Given a n-sample drawn from a distribution
f(x, θ), a point estimator θ* delivers
a number θ*, the point estimate
of the parameter θ. If this estimator has the nice properties
expected from a good estimator, this estimate is
our best bet about the true value θ0 of
θ. Yet, θ* is
a raw number that carries no information about how close it may
be to
the true value θ0. All we know is that,
in vague terms, θ* is probably
not very far from θ0, but we are unable
to quantify the terms "probably" or "far". For example the sample
mean 
has all the virtues you would expect from a good estimator of the
distribution mean µ. Yet, given
the value of the sample mean, there is no way to evaluate how far it is from the distribution mean µ.

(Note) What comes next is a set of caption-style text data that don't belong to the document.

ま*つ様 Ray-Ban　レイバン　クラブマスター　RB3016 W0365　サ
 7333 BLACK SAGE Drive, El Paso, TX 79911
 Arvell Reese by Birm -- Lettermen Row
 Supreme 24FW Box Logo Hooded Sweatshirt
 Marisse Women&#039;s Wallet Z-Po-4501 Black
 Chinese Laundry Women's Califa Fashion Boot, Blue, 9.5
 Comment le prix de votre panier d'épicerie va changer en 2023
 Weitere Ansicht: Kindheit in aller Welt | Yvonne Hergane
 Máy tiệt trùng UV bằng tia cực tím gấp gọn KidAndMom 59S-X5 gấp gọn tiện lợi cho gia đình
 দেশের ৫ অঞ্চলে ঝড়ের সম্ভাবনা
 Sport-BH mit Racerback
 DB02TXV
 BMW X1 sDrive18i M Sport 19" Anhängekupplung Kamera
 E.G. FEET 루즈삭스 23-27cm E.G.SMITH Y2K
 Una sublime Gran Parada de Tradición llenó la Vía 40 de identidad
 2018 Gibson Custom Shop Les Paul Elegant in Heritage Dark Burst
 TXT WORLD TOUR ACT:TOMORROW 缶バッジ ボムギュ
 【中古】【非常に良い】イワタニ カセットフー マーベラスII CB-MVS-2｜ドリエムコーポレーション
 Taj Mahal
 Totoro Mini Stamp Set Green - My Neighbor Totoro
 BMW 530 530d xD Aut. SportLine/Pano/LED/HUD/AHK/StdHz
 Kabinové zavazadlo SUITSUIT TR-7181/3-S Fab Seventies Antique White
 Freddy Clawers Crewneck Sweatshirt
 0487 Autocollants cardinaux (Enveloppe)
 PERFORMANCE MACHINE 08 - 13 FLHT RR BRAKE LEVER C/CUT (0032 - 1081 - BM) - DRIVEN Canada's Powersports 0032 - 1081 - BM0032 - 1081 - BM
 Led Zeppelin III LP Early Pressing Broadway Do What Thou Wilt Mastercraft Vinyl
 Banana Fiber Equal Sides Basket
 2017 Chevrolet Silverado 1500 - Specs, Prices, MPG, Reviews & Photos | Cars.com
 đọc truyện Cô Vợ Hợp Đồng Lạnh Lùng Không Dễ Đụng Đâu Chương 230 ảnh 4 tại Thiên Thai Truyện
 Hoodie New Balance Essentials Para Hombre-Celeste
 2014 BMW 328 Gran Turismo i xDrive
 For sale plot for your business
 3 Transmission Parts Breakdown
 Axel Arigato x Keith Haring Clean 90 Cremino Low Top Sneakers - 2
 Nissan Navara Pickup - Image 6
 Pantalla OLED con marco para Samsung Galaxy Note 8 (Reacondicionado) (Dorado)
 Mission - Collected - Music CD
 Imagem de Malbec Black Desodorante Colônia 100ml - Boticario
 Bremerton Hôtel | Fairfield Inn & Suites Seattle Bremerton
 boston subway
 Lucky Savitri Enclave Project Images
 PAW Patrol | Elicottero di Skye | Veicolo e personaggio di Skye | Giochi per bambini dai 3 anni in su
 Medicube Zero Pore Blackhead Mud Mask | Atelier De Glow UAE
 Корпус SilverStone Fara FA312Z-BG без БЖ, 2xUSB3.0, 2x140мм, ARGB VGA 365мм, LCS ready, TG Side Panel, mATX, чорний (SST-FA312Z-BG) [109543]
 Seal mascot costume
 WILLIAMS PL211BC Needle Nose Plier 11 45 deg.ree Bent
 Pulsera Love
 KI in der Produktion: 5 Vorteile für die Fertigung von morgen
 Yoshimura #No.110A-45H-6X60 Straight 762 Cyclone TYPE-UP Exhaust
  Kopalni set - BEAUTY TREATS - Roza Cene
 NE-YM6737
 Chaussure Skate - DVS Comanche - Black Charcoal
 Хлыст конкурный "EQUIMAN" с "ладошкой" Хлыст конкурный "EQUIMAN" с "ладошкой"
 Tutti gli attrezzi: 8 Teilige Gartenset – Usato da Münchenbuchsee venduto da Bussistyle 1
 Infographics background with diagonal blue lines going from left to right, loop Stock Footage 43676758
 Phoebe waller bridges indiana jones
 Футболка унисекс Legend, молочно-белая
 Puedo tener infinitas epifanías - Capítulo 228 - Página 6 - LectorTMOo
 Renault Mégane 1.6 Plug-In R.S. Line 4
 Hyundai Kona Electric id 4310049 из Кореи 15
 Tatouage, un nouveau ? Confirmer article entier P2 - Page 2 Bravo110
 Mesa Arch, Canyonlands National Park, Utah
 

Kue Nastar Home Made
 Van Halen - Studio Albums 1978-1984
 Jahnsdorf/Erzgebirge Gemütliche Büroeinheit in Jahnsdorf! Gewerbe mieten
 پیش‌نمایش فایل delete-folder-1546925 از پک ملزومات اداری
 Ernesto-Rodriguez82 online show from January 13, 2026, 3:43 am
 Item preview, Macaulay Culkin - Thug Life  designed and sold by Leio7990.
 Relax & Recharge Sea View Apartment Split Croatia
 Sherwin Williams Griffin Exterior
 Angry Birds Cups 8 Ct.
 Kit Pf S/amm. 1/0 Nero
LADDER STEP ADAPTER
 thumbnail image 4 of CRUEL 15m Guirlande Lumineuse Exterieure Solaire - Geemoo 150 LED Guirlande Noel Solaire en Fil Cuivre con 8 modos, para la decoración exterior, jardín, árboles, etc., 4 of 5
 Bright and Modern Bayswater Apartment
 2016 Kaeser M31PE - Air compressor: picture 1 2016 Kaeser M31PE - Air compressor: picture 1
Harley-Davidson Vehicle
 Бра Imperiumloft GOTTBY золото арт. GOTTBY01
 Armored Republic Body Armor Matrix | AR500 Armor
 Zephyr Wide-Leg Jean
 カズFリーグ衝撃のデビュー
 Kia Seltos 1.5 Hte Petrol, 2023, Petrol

What we would like is a procedure that gives us
a feel, in probabilistic terms, of where the true value θ0 actually
lies. This
is the objective pursued by interval estimation.
More precisely, given a sample, we would like to identify an interval of the line that bears the parameter :
* Whose left end point L(x) and right end point R(x) are determined by the sample only (and are therefore random variables, and more precisely, statistics),
* And such that we can state with certainty :
"The probability for this interval to cover the true value θ0 is equal to P."
where P is an arbitrary probability chosen by the analyst (for example, .90, or .95).
This deserves some explanations. Suppose we know how to build the interval. We then imagine that a large number of n-samples are drawn from the distribution. For each new sample, a new interval is constructed with our procedure. This (random) interval will then cover θ0 (the true and unknow value of the parameter) 100.P% of the time (upper and lower images of this illustration) :
Then, for any given sample, we'll have identified a limited (random) region that covers the true value θ0 with probability P. If P is large, we'll have then found a limited region that is very likely to cover θ0.
Note that we resisted the temptation to say "The probability
for θ0 to be inside the interval is
P", for θ0 is unknown
but is
not a random variable. The interval, though, is random.
An interval as described above, when it can be identified, is called a confidence interval, and the probability P is called the confidence level of the confidence interval.
Note that building a confidence interval does not require that a point interval of the parameter be calculated first.
We mentionned that a confidence interval (or interval estimate) is a random interval defined by the sample only. This means that there exist two functions :
* L(x) and
* R(x)
such that L(x) is the abscissa of the left end of the interval, and R(x) the abscissa of its right end.
So, just as the most general definition of a point estimator is "A function of the sample (a statistic)", the most general definition of a confidence interval is :
A pair [L(x), R(x)] of functions of the sample such that for all x, one has L(x) < R(x).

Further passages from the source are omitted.